From 1de746778be864fcac32f552b8e937945e80ec3f Mon Sep 17 00:00:00 2001
From: Siwei Li <siwli@ea.com>
Date: Sun, 17 Mar 2024 18:35:53 -0700
Subject: [PATCH] Add docstrings to the functions

---
 src/delphi/train/dataset_tokenization.py | 46 ++++++++++++++++++++++++
 tests/train/test_tokenizer.py            | 13 +++++--
 2 files changed, 57 insertions(+), 2 deletions(-)

diff --git a/src/delphi/train/dataset_tokenization.py b/src/delphi/train/dataset_tokenization.py
index ffc0a985..23309e4d 100644
--- a/src/delphi/train/dataset_tokenization.py
+++ b/src/delphi/train/dataset_tokenization.py
@@ -10,6 +10,23 @@ def extend_deque(
     prompt_idx: int,
     tokenizer: PreTrainedTokenizerBase,
 ) -> int:
+    """
+    Extends the deque with tokenized text stories until the deque grows large
+    enough to reach the context size, or until all text stories are processed.
+
+    The usage of a deque here aims to save the memory as opposed to
+    load all the stories and tokenize them at once.
+
+    Args:
+        dq (deque[int]): Deque to extend with tokenized tokens.

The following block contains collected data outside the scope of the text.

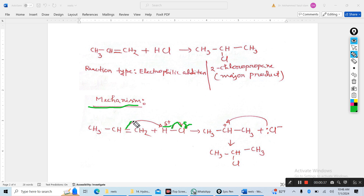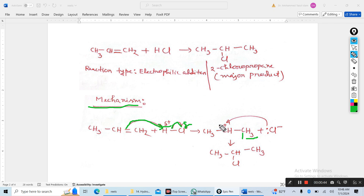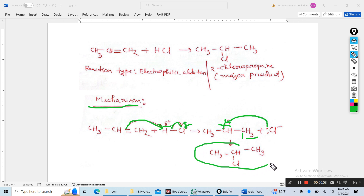The double bond gives electrons to hydrogen, and this hydrogen is added to the right-hand carbon — it becomes CH3. This carbon becomes positive, then the chloride ion is added to the positive carbon to produce 2-chloropropane.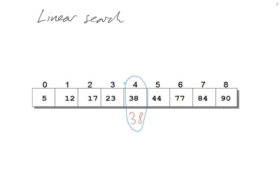The advantage of a linear search is it's pretty easy to code. Secondly, the list doesn't have to be in order because it works through each item sequentially.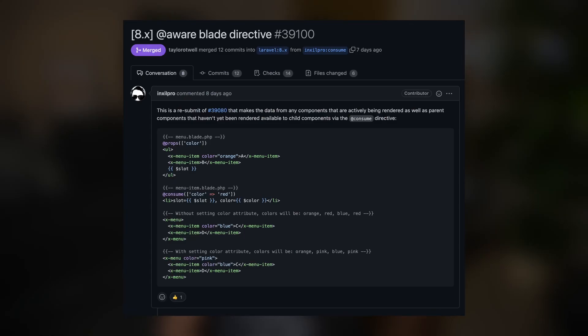Vapor helps you run your application on AWS Lambda, which gives you on-demand auto scaling. We are constantly working on enhancing the performance of your Vapor projects and reducing the costs of your cloud infrastructure. For more information, check vapor.laravel.com. Finally, I have an update on a new Blade directive that allows you to access data from a parent component inside a child component.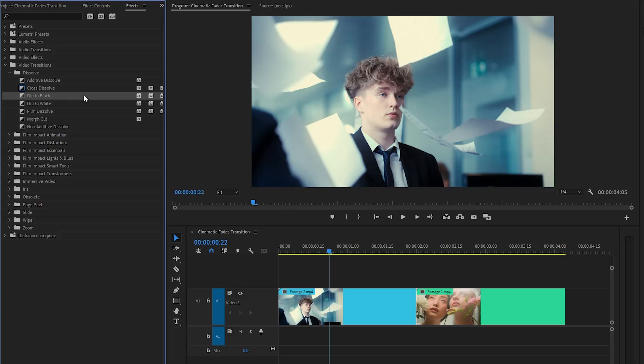On the other hand, the dip to white effect in Adobe Premiere Pro is a visual transition that gradually fades the current video frame to a solid white screen. It's often used to create a dramatic or attention-grabbing ending to a scene or video.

+        context_size (int): Size of the context(input sequences).
+        text_stories (list[str]): List of (untokenized) text stories to be tokenized.

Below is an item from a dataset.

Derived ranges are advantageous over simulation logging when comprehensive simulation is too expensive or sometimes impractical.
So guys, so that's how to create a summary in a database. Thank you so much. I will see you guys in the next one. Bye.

+        prompt_idx (int): Index of the current text story.
+        tokenizer (PreTrainedTokenizerBase): Tokenizer to encode the text strings.
+
+    Returns:
+        int: Updated index in the text stories dataset.
+    """
     while len(dq) < context_size and prompt_idx < len(text_stories):
         text_story = text_stories[prompt_idx]
         dq.extend(
@@ -23,6 +40,22 @@ def extend_deque(
 def make_new_samples(
     dq: deque[int], context_size: int, tokenizer: PreTrainedTokenizerBase
 ) -> list[list[int]]:
+    """
+    Generates new samples for training by creating sequences of tokens
+    from the deque until the deque is empty.
+
+    Note: the model is unable to use the last token in an input sequence,
+    so we repeat this token in the next input sequence.
+
+    Args:
+        dq (deque[int]): Deque containing tokenized tokens.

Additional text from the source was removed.